The Descent
Otep earns its name from its lead-singer, professed poet Otep Shamaya. According to several sources, the outspoken lesbian politico actually insists that her real name on her birth certificate is Otep, an anagram for poet. This is just the kind of nonsense that dictates her records’ esoteric new metal pseudo-mysticism, masked as genuine darkness, macabre, and strife. In accordance with typically outdated metal tropes, Otep screams really loud to assert their rage and connect with angst-ridden teens. Screaming metal has rightfully tapped this vein for decades but Otep’s last LP, 2007’s The Ascension, is a dreadful attempt.The Ascension has only moments of mild brutality.
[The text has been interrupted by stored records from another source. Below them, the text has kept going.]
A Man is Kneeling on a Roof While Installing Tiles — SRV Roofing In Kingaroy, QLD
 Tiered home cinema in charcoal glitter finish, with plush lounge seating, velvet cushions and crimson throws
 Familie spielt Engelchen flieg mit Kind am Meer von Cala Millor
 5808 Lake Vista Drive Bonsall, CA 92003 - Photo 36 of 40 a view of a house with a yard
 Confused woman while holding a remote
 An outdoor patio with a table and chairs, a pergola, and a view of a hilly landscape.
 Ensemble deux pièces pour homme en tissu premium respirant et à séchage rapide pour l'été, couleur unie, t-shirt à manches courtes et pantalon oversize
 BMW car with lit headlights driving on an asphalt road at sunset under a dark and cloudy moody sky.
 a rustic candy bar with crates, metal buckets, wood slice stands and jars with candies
The most bearable songs maintain a low level of clichéd screaming and churning (“Invisible,” “Ghostflowers” or her cover of Nirvana’s “Breed”). Elsewhere, laughable opener “Eet the Children” starts with a ridiculous “hush little baby” lullaby before kicking into boring chords and repeated yelps to “eet the children rawwwww!” It seems clear that Shamaya aspires to impress by creating dynamics within songs – taking a hushed whimper and gentle melodies to screaming and chugging conventional metal chords. “Perfectly Flawed” executes this intention relatively well and that’s probably because there is hardly any screaming, save for haunting background noise. Shamaya can impressively execute the whisper-to-howl range necessary to out-goth similar bands like Slipknot, Marilyn Manson or Mudvayne, but too much of this record is easily dwarfed by other contemporaries like Lamb of God, Isis or Metallica.
Even more frustrating is the lyrical content that would seem important to such a politically aware, poet-led metal band. On the downright obnoxious “Noose & Nail” the listener is subjected to these little couplets: “Jesus needs his prescription filled / Buddha’s usin’ too many pills / In volatile bottles marked RELIGION KILLS!” If that weren’t enough, the chorus of endless screams is comprised of “Get down and crawl, crawl!! You fucking insect!!”
Otep and her minions may have been impressive when they debuted in 2002, but she’s going to have to dig deeper for some kind of relevance in a listening base tired of pathetic metal cliches.